7.5/10Vibrations

/ Critique - écrit par JC, le 20/12/2005
Notre verdict : 7.5/10 - Musiques du monde pour tout le monde (Fiche technique)

Tags : vibrations vibration acoustique exposition vibratoire travail mesures

Il est des pathologies dont on ne parle pas assez. L'éclectisme en fait partie. Une trop grande ouverture musicale pose des problèmes dans la vie quotidienne de bon nombre d'individus.
Par exemple, cette difficulté certaine pour répondre à une question : la célèbre "Et tu écoutes quoi comme musique ?". Hésitation et peur de faire trop long s'enchaînent pour au final rétorquer "un peu de tout" entre dépit et frustration, suivi chez votre interlocuteur de la combo sourcils foncés et moue dubitative habituelle.
Cette incompréhension naît chez des personnes pour qui le monde musical et sa perception restent manichéens : acoustique ou électrique, classique ou électronique, rock ou rap... Alors que les mélomanes atteints de ce "mal" ne désirent qu'une chose : mettre des "et" à la place des "ou".

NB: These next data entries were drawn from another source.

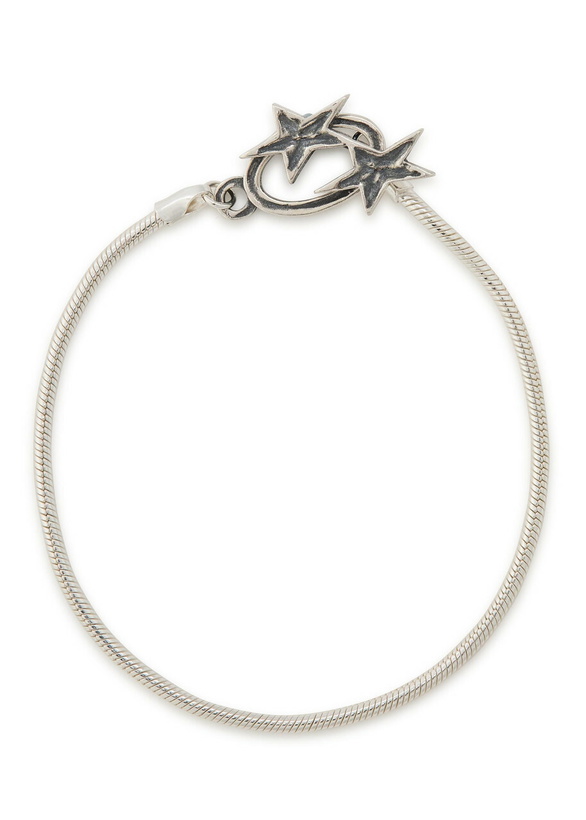 Photo: Twojeys Icon Clasp Sterling Silver-plated Bracelet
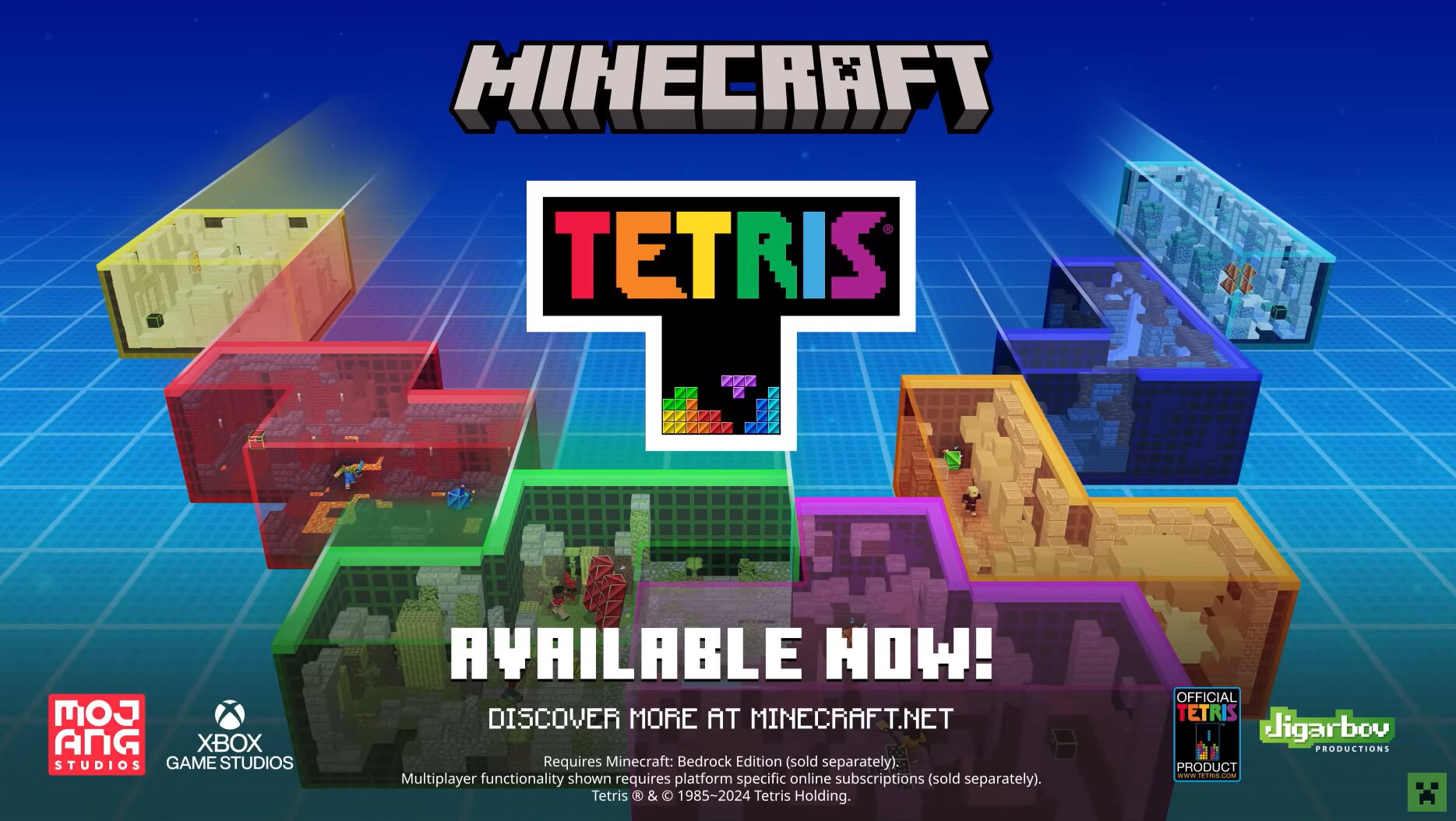 Los videojuegos Minecraft y Tetris se fusionan para emocionar a millones de gamer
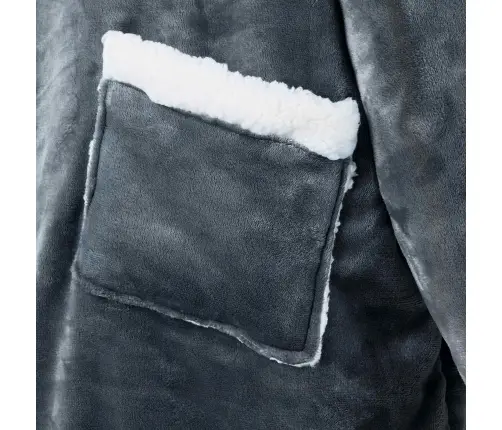 Segas Džemperis Ar Kapuci Tums Zils M Fleeces Un Flaneļa Vidaxl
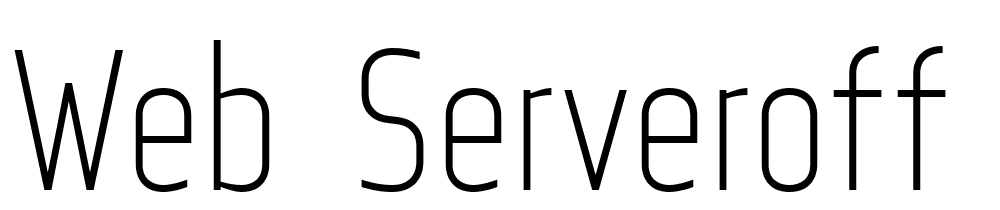 web-serveroff font family download free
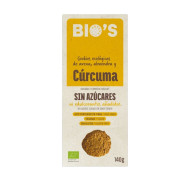 Galleta Artesana de Avena, Almendra y Curcuma Vegana, sin Azúcar, Sin Guten 140Gr Artipa ECO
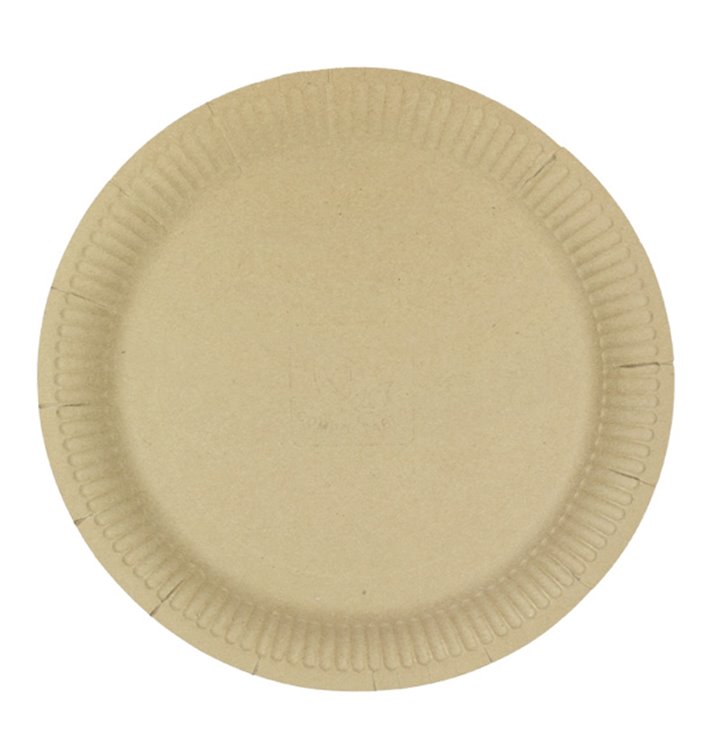 Assiette en Carton Ronde “Radial” Kraft Ø23cm 200gr/m² (50 Utés) Assiette en Carton Ronde “Radial” Kraft Ø23cm 200gr/m² (50 Utés)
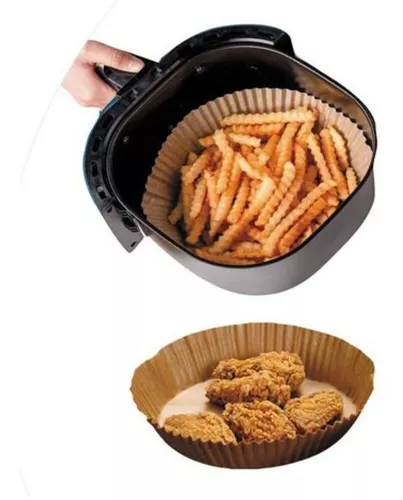 FORMA DE PAPEL REDONDO DESCARTAVEL P/AIR FRYER/FRITADEIRA ELETRICA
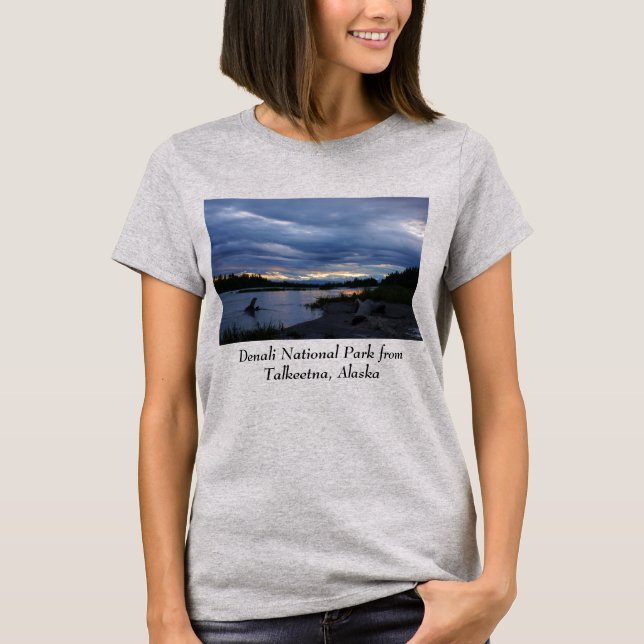 Midnight Alaska Sunset T-Shirt (Front)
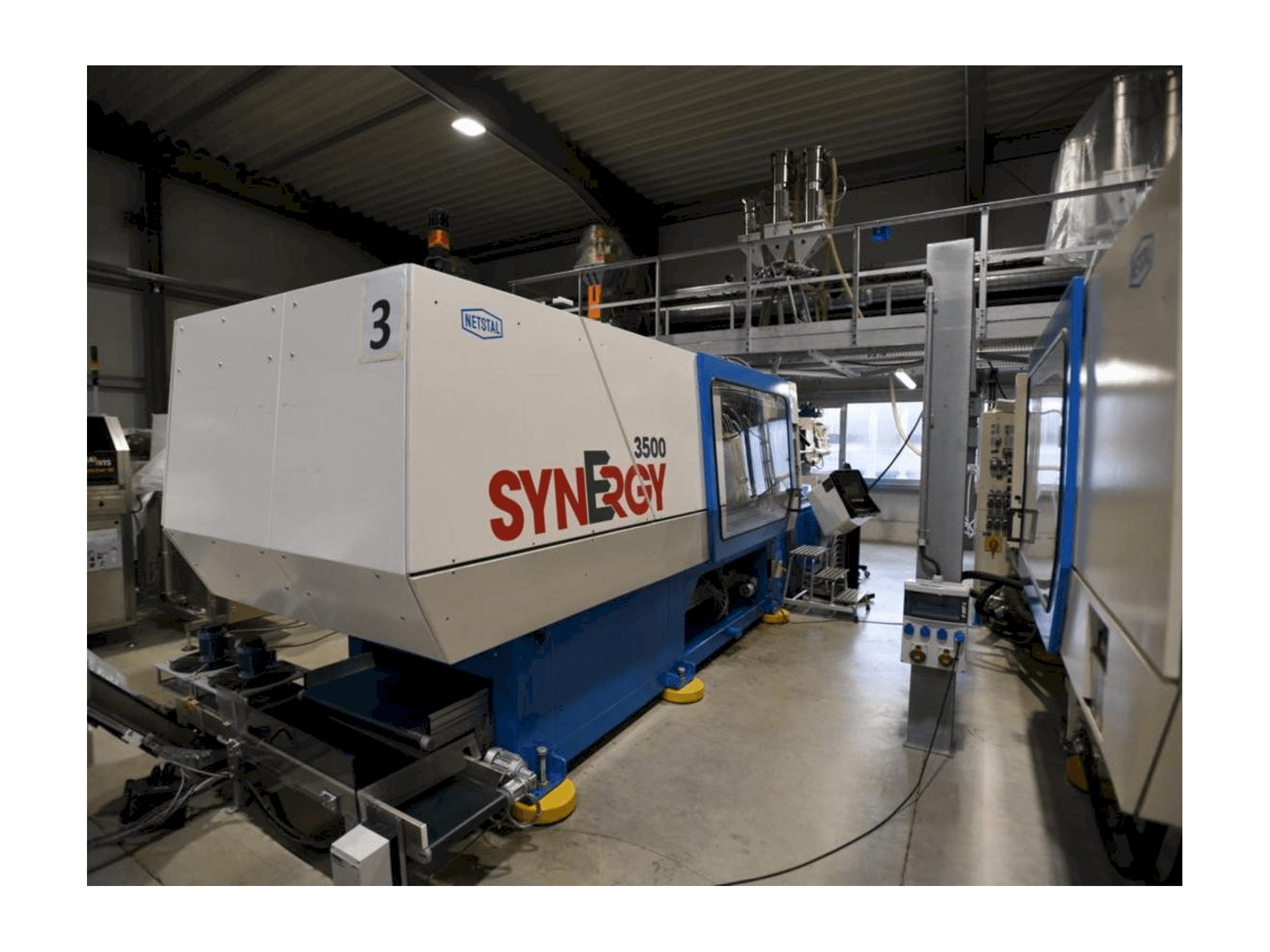 Вид станка Netstal SynErgy 3500-2150 спереди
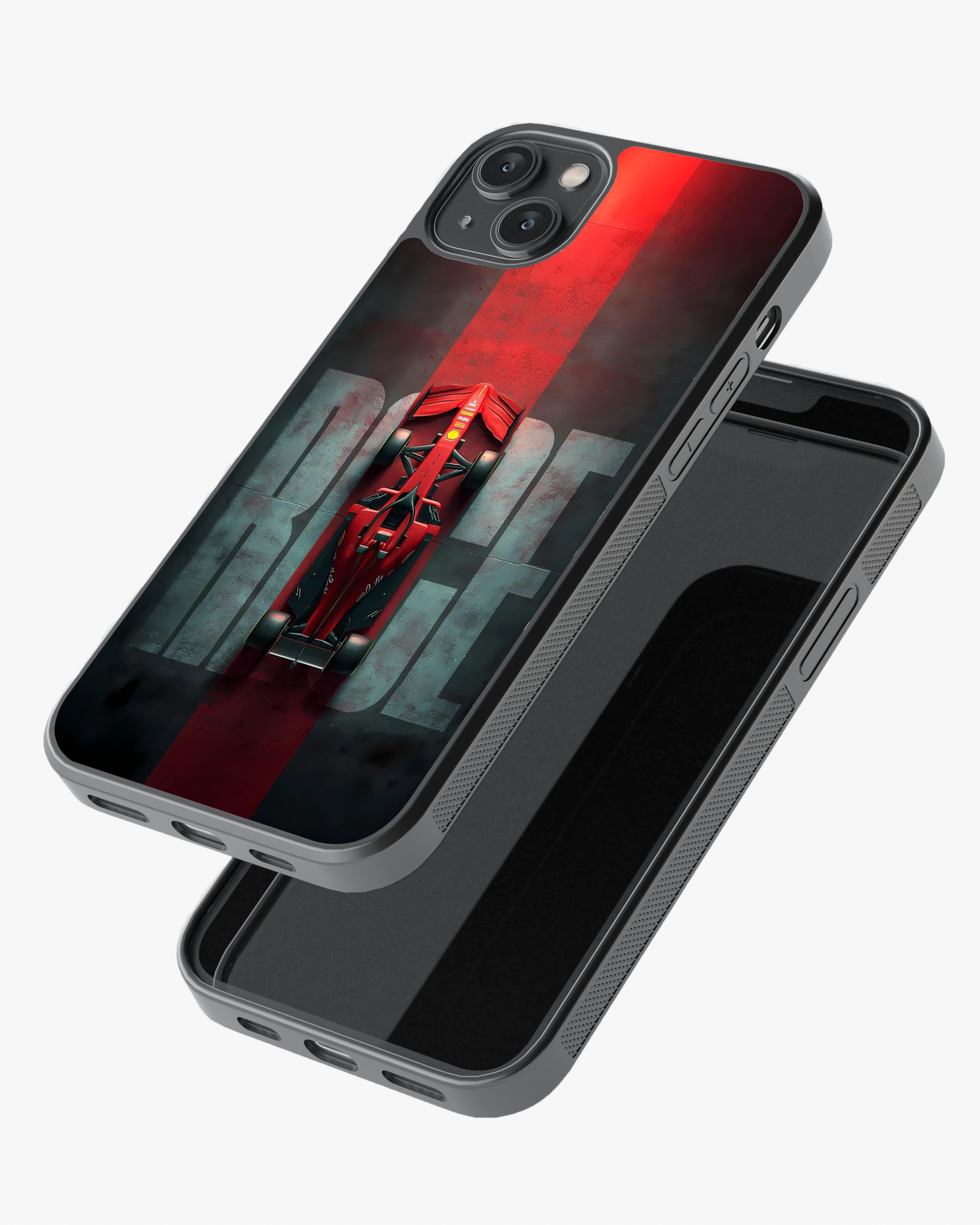 Red Formula Racing Car Premium Phone Cover Glass Case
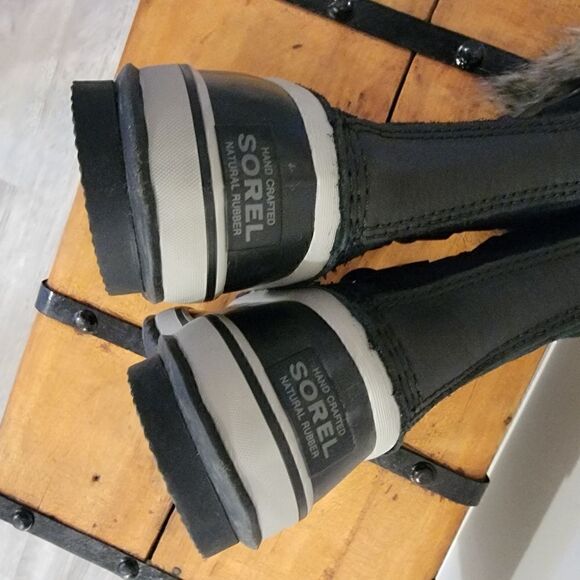 Sorel Women’s Joan of Arctic Boot Black Quarry size 6 NWOT - Picture 9 of 11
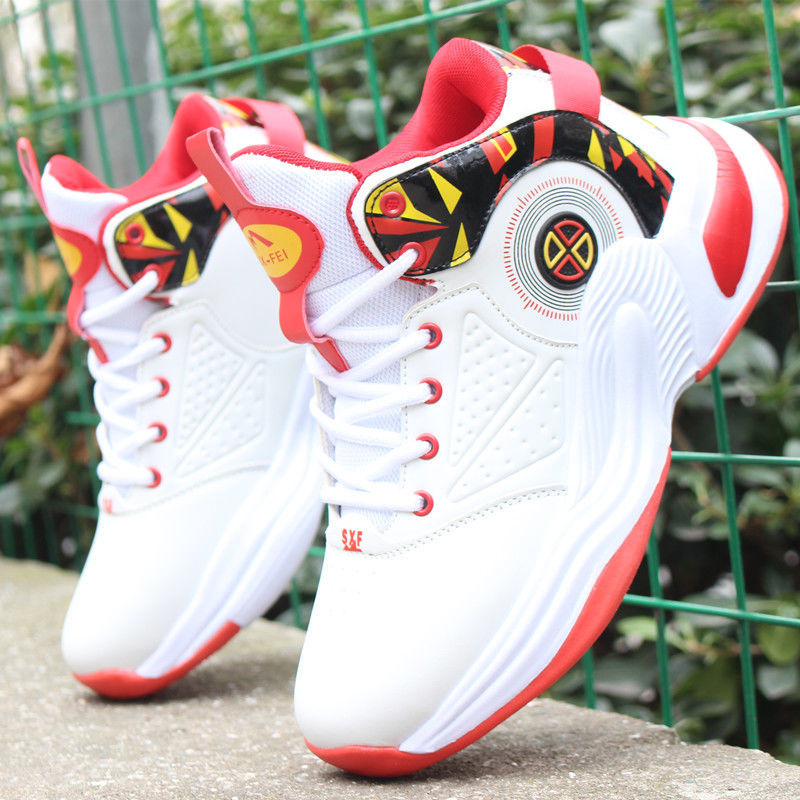 Outdoor Sport Court Flooring - Basketball Shoes For Men High-Top Sneakers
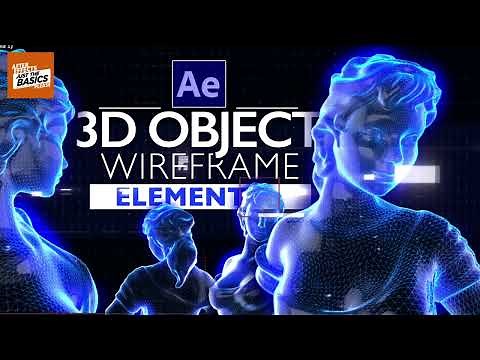 After Effects: 3D wireframe | Tutorial, fast & easy! #3dobjects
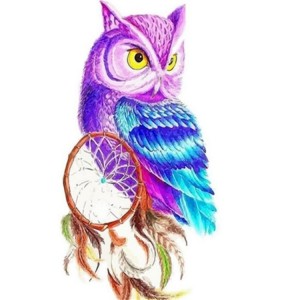 Vente en gros de peinture de hibou par numéros d'art mural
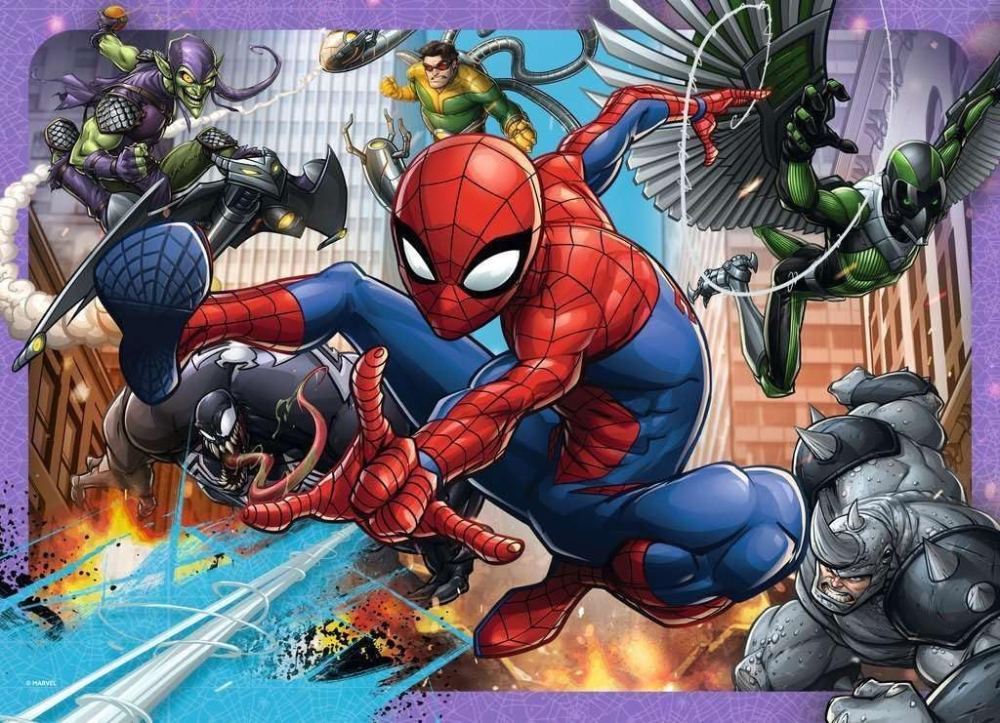 PUZZLE MARVEL SPIDER MAN 4X100 [4]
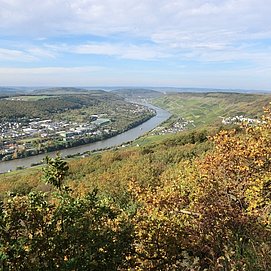 Panorama vom Aussichtspunkt Maria Zill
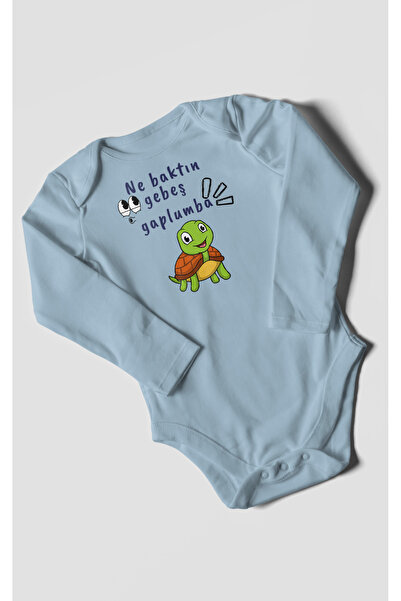 MorivoKids بدلة أطفال مطبوعة من Ne Baktın Gebeş Gaplumba - بودي مزود بأزرار ك...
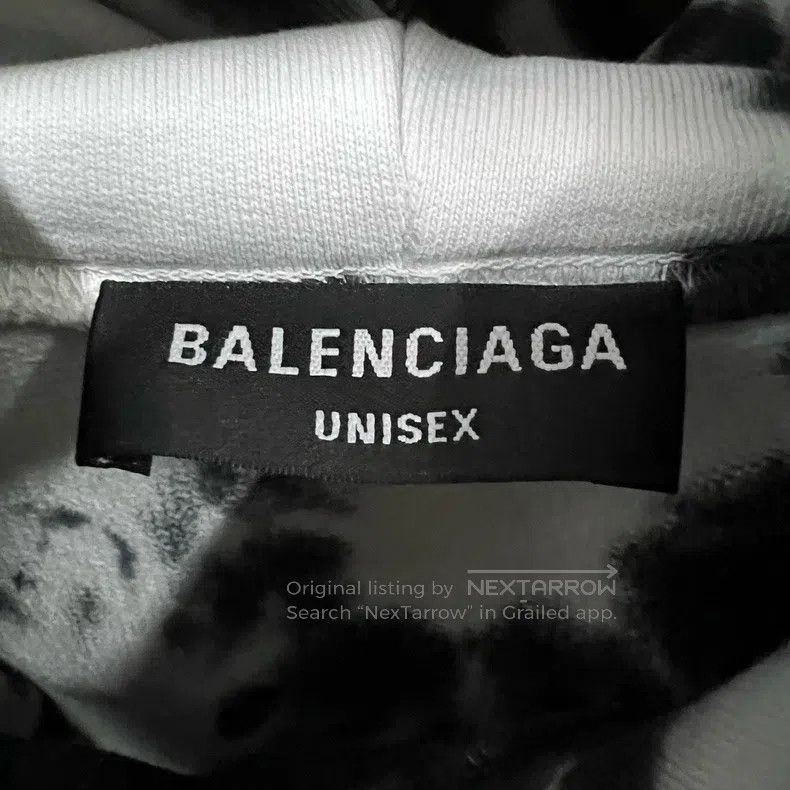 Balenciaga Balenciaga Heart Tie-Dye Logo Hoodie Size US XS / EU 42 / 0 - 3 Thumbnail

C'est peut-être cela qui a motivé Elisabeth Stoudmann et Pierre-Jean Crittin a fonder il y a treize ans le mensuel Vibrations, "le magazine des musiques qui varient les genres et les styles parce que la Musique bouge tout le temps". Vibrations, un nom adéquat car au final des pizzicati sur violoncelle au barré sur Ukulélé, d'une ligne de basse à une boucle émise par un sampler, d'un accord bontempi à une voix de griot sénégalais, d'un point de vue strictement acoustique et physique, tout cela n'est que vibrations de tympans.

En quatre-vingt pages environ, le périodique d'origine suisse s'attache à couvrir l'actualité des "musiques du monde" au sens large en rapprochant sons du Nord et du Sud. Ainsi, on peut aussi bien retrouver un dossier sur la culture britannique et ses métissages que les portraits de Brian Eno ou de la doyenne du raï, Cheikha Rimitti, une entrevue du leader de Public Enemy, Chuck D que les déboires du producteur de jazz Alan Douglas lors de sa collaboration avec Jimi Hendrix jusqu'à un papier extatique sur le Fil de Camille (Disque de l'année 2005 pour la rédaction).
Ces articles de fond (6/7 par mois) sont entourés des traditionnelles critiques de disques et de plusieurs rubriques régulières dont on citera, entre autres, "Label" présentation d'un...label, "Chronique américaine" ou la chronique de l'Amérique hors sphère MTV, l'"Ile déserte" avec les dix disques qu'un artiste emporterait dans ce type de situation, "Un disque par la pochette" où graphisme et musique s'entremêlent et "Parlons peu, parlons de moi", la rubrique satirique de Jackie Berroyer, l'ex-standardiste de l'émission Nulle part ailleurs de Canal+.

En dépit de l'ouverture clamée par le magazine, le spécialiste ès world music se sentira peut-être lésé par la lecture du panorama qu'en propose Vibrations. En gros, il se limite à un "Nord" qui laisse exprimer ses racines métissées et à un "Sud" susceptible de plaire aux oreilles occidentales. Cela n'empêche pas le mensuel de rester d'un éclectisme bien supérieur à bon nombre de ses concurrents. L'orientation éditoriale des papiers s'avérant à la fois défricheuse et accessible, le tout avec un ton éloigné de l'élitisme de publications à contenu semblable musicalement comme feu Nova magazine. En lisant Vibrations on se sent pas parisiano-hype mais citoyen du monde, mélomane sans frontières, globe-listener.

En définitive, Vibrations est un magazine vibrant. Par son contenu de qualité mais aussi par sa maquette qui accueille le lecteur avec une photo de une souvent jolie et une mise en page (typo/photo/picto/couleurs) vivante et agréable. Accompagné d'un CD, Vibrations est à essayer pour celles et ceux qui veulent découvrir de nouveaux horizons musicaux.